Action item: The output is the line containing "Newface Apple İphone" plus every later line down to the end of the listing below, copied exactly. No pictures belong in it.

Extracted material:
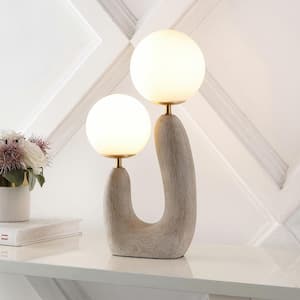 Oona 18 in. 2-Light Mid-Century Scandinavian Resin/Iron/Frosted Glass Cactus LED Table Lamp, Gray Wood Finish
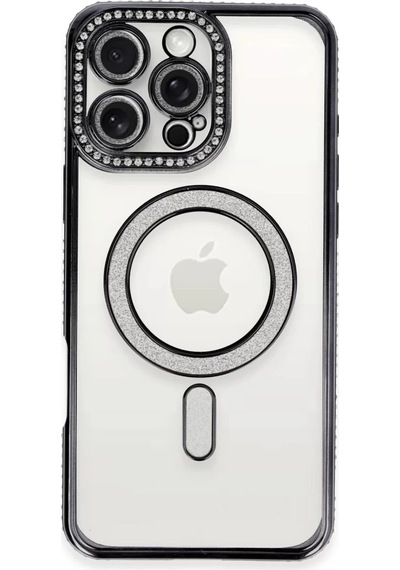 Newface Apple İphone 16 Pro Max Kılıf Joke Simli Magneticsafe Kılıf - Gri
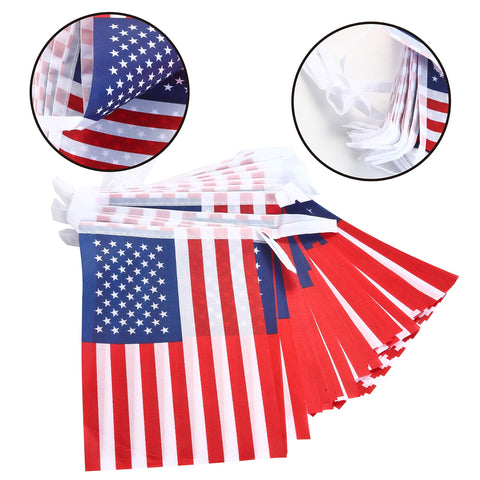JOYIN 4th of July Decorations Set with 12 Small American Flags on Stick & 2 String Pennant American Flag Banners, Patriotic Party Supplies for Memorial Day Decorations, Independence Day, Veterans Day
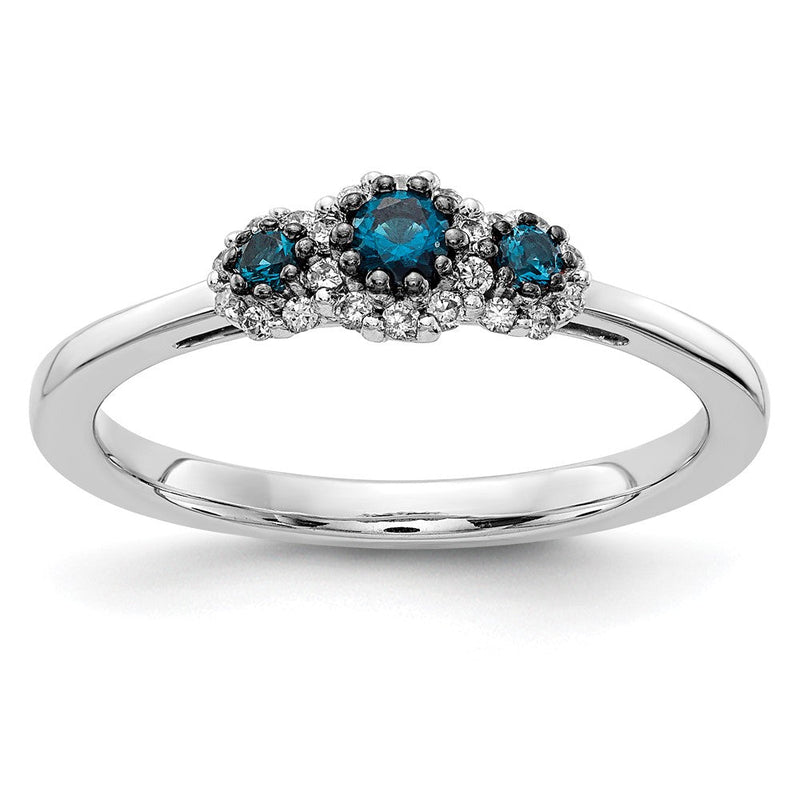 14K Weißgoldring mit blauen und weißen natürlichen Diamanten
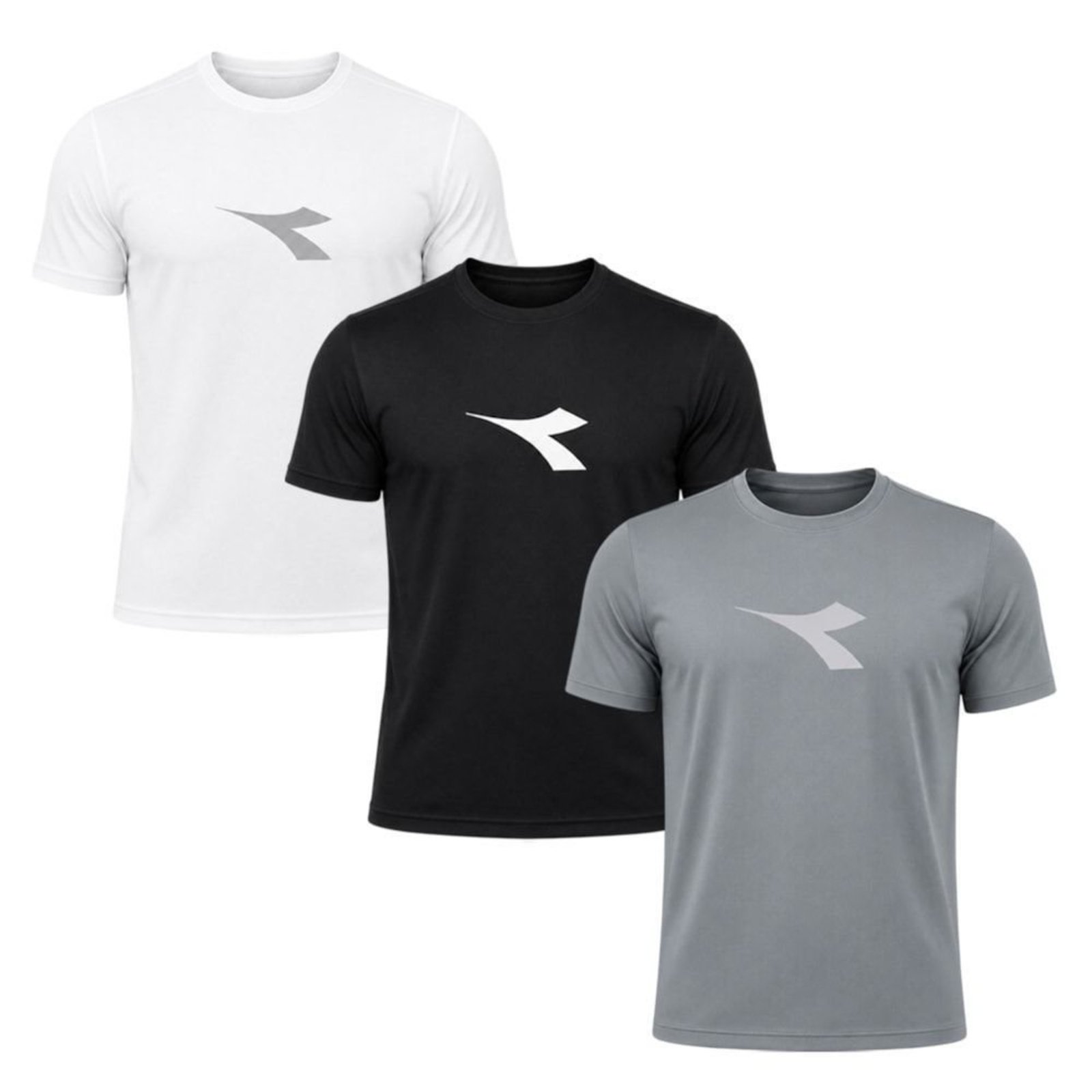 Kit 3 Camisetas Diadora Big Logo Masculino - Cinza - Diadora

Exercise output:
 Newface Apple İphone 16 Pro Max Kılıf Joke Simli Magneticsafe Kılıf - Gri
JOYIN 4th of July Decorations Set with 12 Small American Flags on Stick & 2 String Pennant American Flag Banners, Patriotic Party Supplies for Memorial Day Decorations, Independence Day, Veterans Day
 14K Weißgoldring mit blauen und weißen natürlichen Diamanten
 Kit 3 Camisetas Diadora Big Logo Masculino - Cinza - Diadora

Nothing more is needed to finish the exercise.